Your reply must contain the lines from the one with "Jefferson County residents" through the last line of the material, exact and complete, with no pictures and no other text.

** RECORDED INFORMATION **
* * * *

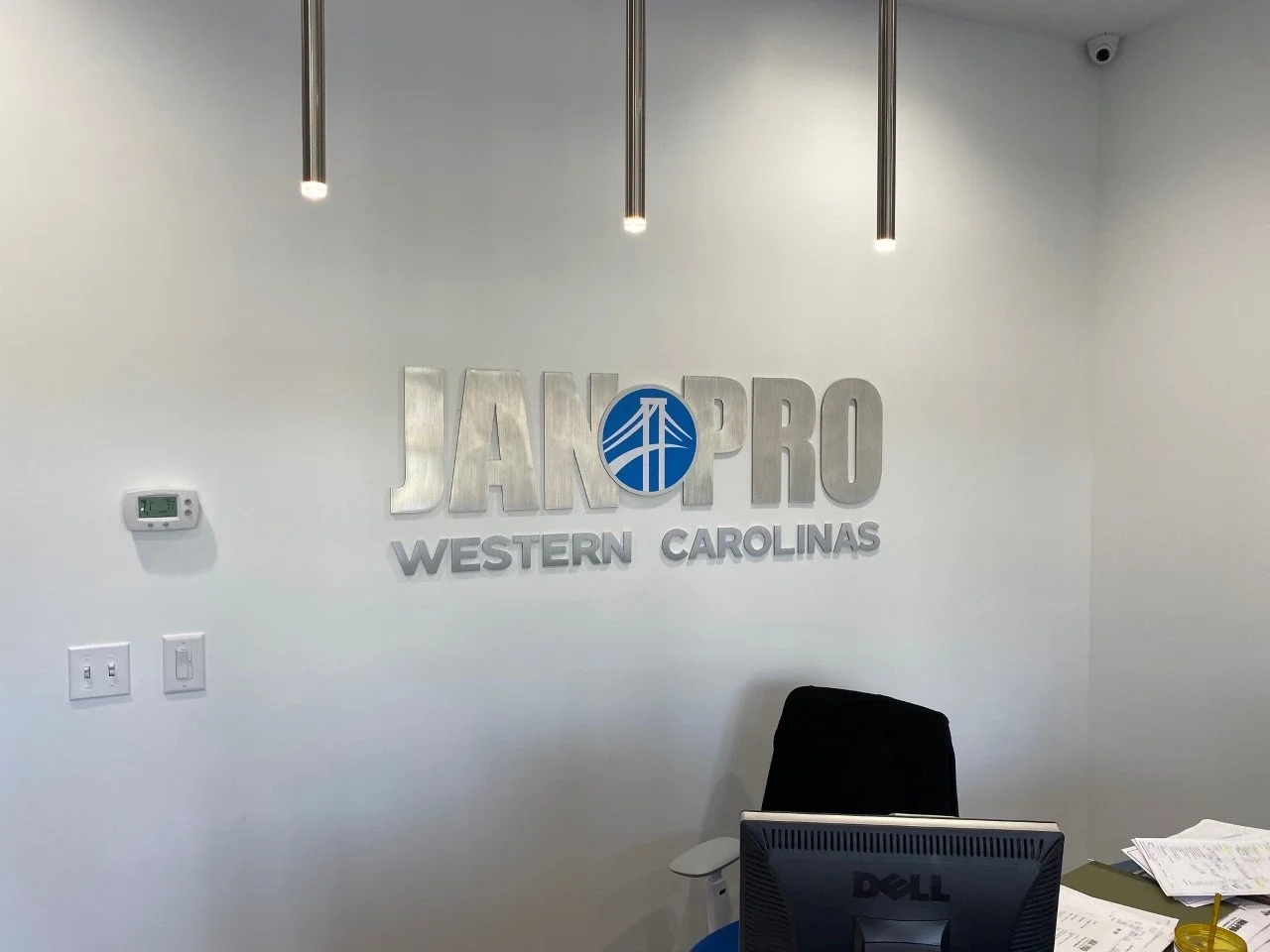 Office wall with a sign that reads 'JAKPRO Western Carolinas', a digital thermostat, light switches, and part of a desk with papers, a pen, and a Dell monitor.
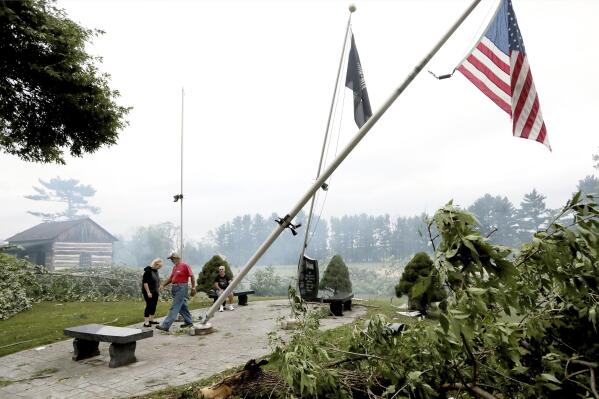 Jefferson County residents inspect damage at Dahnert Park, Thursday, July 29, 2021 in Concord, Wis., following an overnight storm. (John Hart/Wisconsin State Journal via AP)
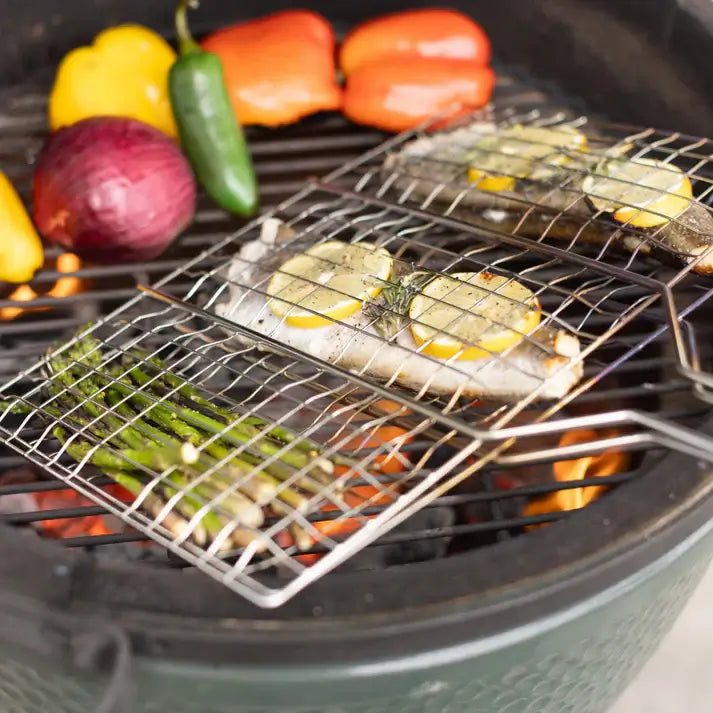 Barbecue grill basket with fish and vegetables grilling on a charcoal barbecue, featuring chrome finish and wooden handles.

* * * *

** REPLY **
 Jefferson County residents inspect damage at Dahnert Park, Thursday, July 29, 2021 in Concord, Wis., following an overnight storm. (John Hart/Wisconsin State Journal via AP)
 Barbecue grill basket with fish and vegetables grilling on a charcoal barbecue, featuring chrome finish and wooden handles.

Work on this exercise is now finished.